Although the vision of integrated elderly care is increasingly endorsed, putting it into practice proves difficult. Inspiring initiatives are often fragmented, short-lived and isolated: they are rarely shared, hardly connected, and seldom find their way to broader application or structural embedding in policy and practice. Many interventions fail to move beyond the pilot phase once temporary funding ends. There is little structural learning between healthcare and welfare sectors, and the creative industry still shares its knowledge, methods and insights only to a limited extent. This fragmentation obstructs strategic action and limits the systemic impact of interventions.
Designers, too, often find themselves playing a fragmented or isolated role in this context.
Due to time constraints, a lack of shared understanding, and insufficient cohesion and reflection, the influence of design and creativity on care transitions remains modest. Designers have too little opportunity to learn from their own or each other’s interventions, to strengthen their position, or to work systemically with other parties in the field.
This project aims to change that. We explore how design – with attention to context, enabling conditions, and both individual and collective learning processes – can help counter this fragmentation.
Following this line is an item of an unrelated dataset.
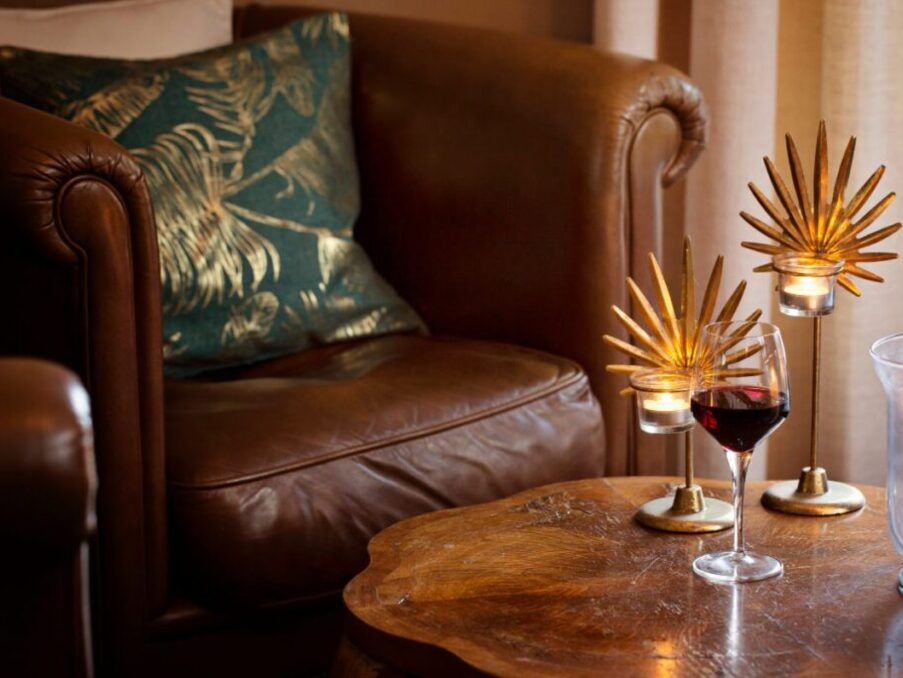 Cozy leather armchair with decorative pillow beside wooden table holding wine glass and elegant candle holders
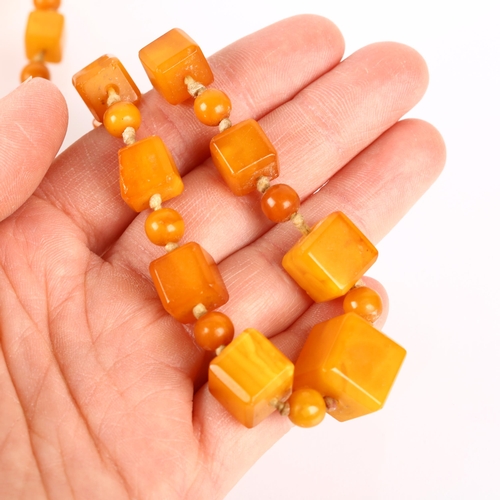 1529 - A single-strand graduated butterscotch amber cube bead necklace, beads measure: 13.9-7.2mm, 88cm, 41...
Not by developing isolated interventions, but by creating coherent sets of interventions that are meaningful within specific contexts. The focus is not only on what works, but also on where, when and under which conditions it works. Insights from this process will be translated into knowledge products for the creative industry – for designers, studios and educational programmes – so they can shape their role in societal transitions more strategically and effectively.
We are building shared knowledge, a shared language and shared learning experiences – between designers, healthcare professionals, informal caregivers, technology partners and policymakers.
This requires a transformation in how we collaborate, how we assign value, how we develop, learn and act together, and how roles, responsibilities and systems are organised. By actively involving designers in system reflection and in the co-creative development of intervention sets, we strengthen their role as strategic connectors in care transitions. In doing so, not only does the care system become more resilient, but the power of design grows as an organising principle for societal change.